4. CFS调度原理与vruntime的计算

android中最常见的线程调度策略为SCHED_NORMAL,对应的调度器(类)为CFS(Completely Fair Scheduler),因此有必要了解CFS调度器的大致原理。

4.1 CFS调度器常用数据结构

4.1.1 task_struct

task_struct前面已经提到过,在linux中代表着进程/线程,为了方便,后文提到的进程或task,均代表进程/线程/task。在设置线程优先级时,会先通过tid找到对应的结构体task_struct。其中,和优先级直接相关的几个变量为prio、static_prio、normal_prio、rt_priority;和所能运行的cpu相关的变量为nr_cpus_allowed、cpus_ptr、cpus_mask,cpu_mask指定了当前task能在哪些cpu上运行;和task调度相关的变量为sched_class、policy、se,这三个变量分别是调度器、调度策略和调度实体,而se对应数据结构为sched_entity。

struct task_struct {
    ...
	int				on_rq;

	int				prio;
	int				static_prio;
	int				normal_prio;
	unsigned int			rt_priority;

	const struct sched_class	*sched_class;
	struct sched_entity		se;
	struct sched_rt_entity		rt;
#ifdef CONFIG_CGROUP_SCHED
	struct task_group		*sched_task_group;
#endif
	struct sched_dl_entity		dl;
	...
	unsigned int			policy;
	int				nr_cpus_allowed;
	const cpumask_t			*cpus_ptr;
	cpumask_t			cpus_mask;
	...
}

4.1.2 sched_entity

CFS调度器在调度时所直接用到的结构体即为sched_entity。其中,load表示权重(对应数据结构为load_weight),与优先级(nice值)有关,影响到vruntime的计算;exec_start为当前进程获取最近一次cpu时间片的起始时间,利用当前时间now减去起始时间exec_start,就得到了此次获取cpu时间片后的运行时间;sum_exec_runtime为当前进程总的cpu消耗时间,为真实时间;vruntime表示虚拟运行时间,在真实时间sum_exec_runtime的基础上计算得到,为CFS调度器在调度时的重要参考;prev_sum_exec_runtime为进程在上次获得cpu时间片后的累计总的运行时间。

struct sched_entity {
	/* For load-balancing: */
	struct load_weight		load;
	unsigned long			runnable_weight;
	struct rb_node			run_node;
	struct list_head		group_node;
	unsigned int			on_rq;

	u64				exec_start;
	u64				sum_exec_runtime;
	u64				vruntime;
	u64				prev_sum_exec_runtime;
	...
}


struct load_weight {
	unsigned long			weight;
	u32				inv_weight;
};

4.1.3 rq

每个cpu都有一个运行队列,对应结构体为rq,其中的cfs、rt、dl分别表示CFS调度器、Realtime调度器和Deadline调度器对应的就绪队列。

kernel/sched/sched.h
/*
 * This is the main, per-CPU runqueue data structure.
 *
 * Locking rule: those places that want to lock multiple runqueues
 * (such as the load balancing or the thread migration code), lock
 * acquire operations must be ordered by ascending &runqueue.
 */
struct rq {
    ...
	struct cfs_rq		cfs;
	struct rt_rq		rt;
	struct dl_rq		dl;
	...
}

4.1.4 cfs_rq

CFS调度器的就绪队列对应的结构体为cfs_rq。其中,load为就绪队列中所有调度实体权重之和;min_vruntime为队列中所有调度实体中最小的虚拟运行时间;curr为当前执行进程的调度实体;tasks_timeline为保存调度实体的红黑树,红黑树中每一个节点的key为对应调度实体的vruntime。

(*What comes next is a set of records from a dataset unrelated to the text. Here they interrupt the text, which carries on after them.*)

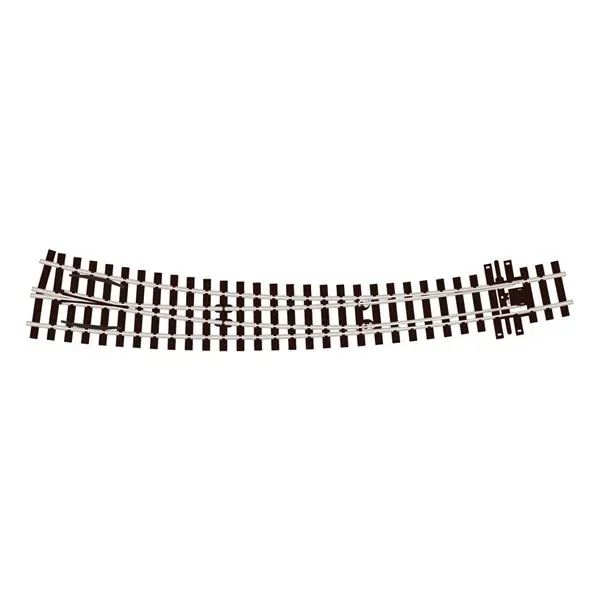 Peco Streamline SLE1486 výhybka HOm C75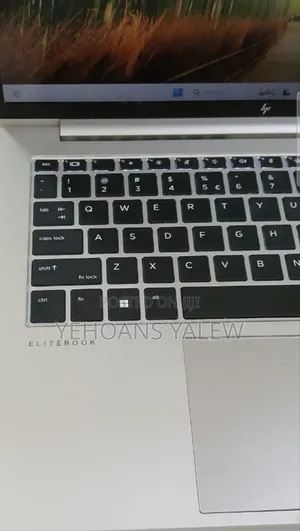 New Laptop HP EliteBook 840 G10 16GB Intel Core I5 SSD 1T
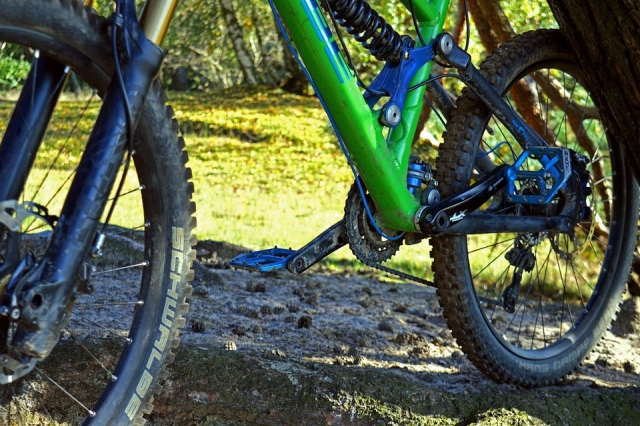  Vélo 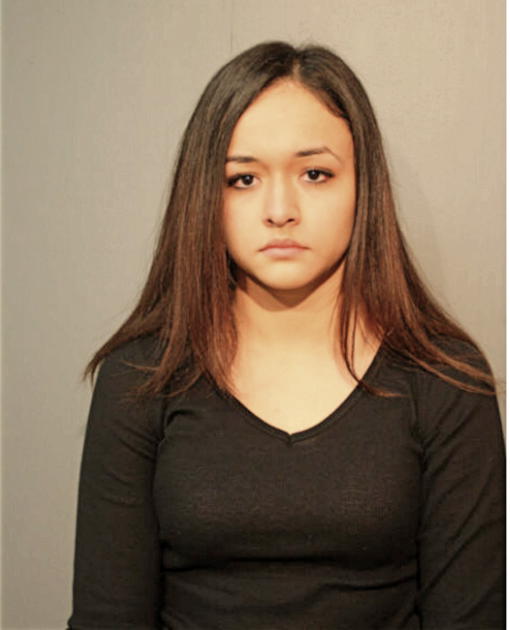 JESSENYA LEON, Cook County, Illinois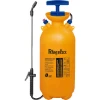Imagen de RGX PULVERIZADOR ANETO 8L LANZA ALUMINIO RGX PULVERIZADOR ANETO 8L LANZA ALUMINIO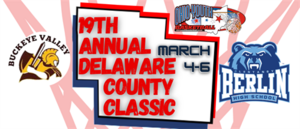 19th Annual Delaware County Classic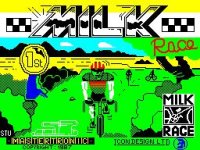 Cкриншот Milk Race, изображение № 756287 - RAWG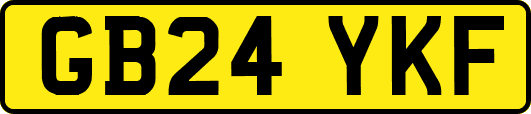 GB24YKF
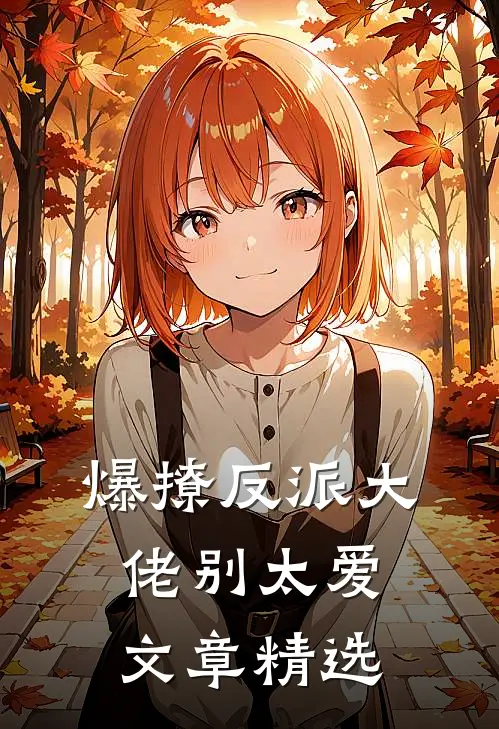 爆撩反派大佬别太爱文章精选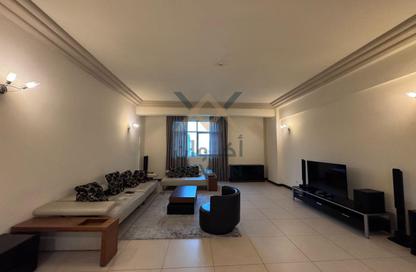 شقة - 3 غرف نوم - 4 حمامات للايجار في الزنج - المنامة - محافظة العاصمة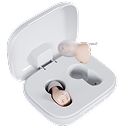 Atom Air hearing device 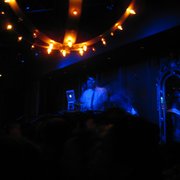 Voyeur - Los Angeles, CA, United States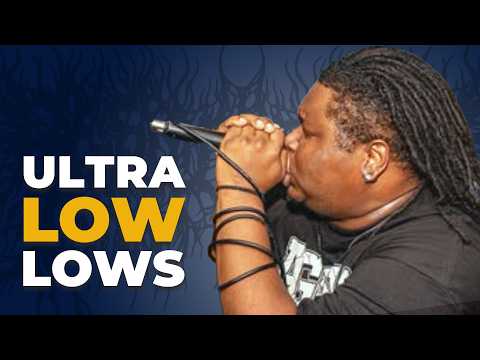 How to SCREAM like PEELING FLESH (2025)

/* CFS-related fields in a runqueue */
struct cfs_rq {
	struct load_weight	load;
	unsigned long		runnable_weight;
	unsigned int		nr_running;
	unsigned int		h_nr_running;      /* SCHED_{NORMAL,BATCH,IDLE} */
	unsigned int		idle_h_nr_running; /* SCHED_IDLE */

	u64			exec_clock;
	u64			min_vruntime;
#ifndef CONFIG_64BIT
	u64			min_vruntime_copy;
#endif

	struct rb_root_cached	tasks_timeline;

	/*
	 * 'curr' points to currently running entity on this cfs_rq.
	 * It is set to NULL otherwise (i.e when none are currently running).
	 */
	struct sched_entity	*curr;
	struct sched_entity	*next;
	struct sched_entity	*last;
	struct sched_entity	*skip;
	...
}


/*
 * Leftmost-cached rbtrees.
 *
 * We do not cache the rightmost node based on footprint
 * size vs number of potential users that could benefit
 * from O(1) rb_last(). Just not worth it, users that want
 * this feature can always implement the logic explicitly.
 * Furthermore, users that want to cache both pointers may
 * find it a bit asymmetric, but that's ok.
 */
struct rb_root_cached {
	struct rb_root rb_root;
	struct rb_node *rb_leftmost;
};

4.2 CFS调度原理

CFS调度器,从就绪队列中根据进程的vruntime选择下一个将要运行的进程,且总是倾向于选择队列中vruntime最小的进程。CFS调度器就绪队列中有一个保存调度实体的红黑树,红黑树中每一个节点对应的key为进程对应的vruntime,而value则为进程对应的调度实体sched_entity。由于红黑树的结构特性,其左边的节点对应的vruntime总是比右边节点的vruntime要小。因此,红黑树中最左边的叶子节点即为vuntime最小的调度实体,而CFS调度器总是选择红黑树中最左边的调度实体进行调度。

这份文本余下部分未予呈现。